= Beginning of Section =
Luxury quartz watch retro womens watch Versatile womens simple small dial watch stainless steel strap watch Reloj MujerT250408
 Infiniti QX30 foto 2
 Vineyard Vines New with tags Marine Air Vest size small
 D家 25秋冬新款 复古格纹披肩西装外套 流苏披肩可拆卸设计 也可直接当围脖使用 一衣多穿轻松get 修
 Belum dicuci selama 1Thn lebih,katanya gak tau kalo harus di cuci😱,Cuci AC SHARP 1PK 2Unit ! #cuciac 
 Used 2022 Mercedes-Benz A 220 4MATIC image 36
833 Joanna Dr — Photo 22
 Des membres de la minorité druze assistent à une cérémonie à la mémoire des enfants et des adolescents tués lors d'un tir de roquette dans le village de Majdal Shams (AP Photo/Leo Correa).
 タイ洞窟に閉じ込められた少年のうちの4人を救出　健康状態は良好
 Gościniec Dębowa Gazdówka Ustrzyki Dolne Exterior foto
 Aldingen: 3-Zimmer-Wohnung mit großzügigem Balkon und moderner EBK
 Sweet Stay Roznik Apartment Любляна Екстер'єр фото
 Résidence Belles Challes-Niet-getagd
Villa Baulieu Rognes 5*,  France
= End of Section =
Considering only lines of the records that hold the string "foto", state how many there are and nothing else.

2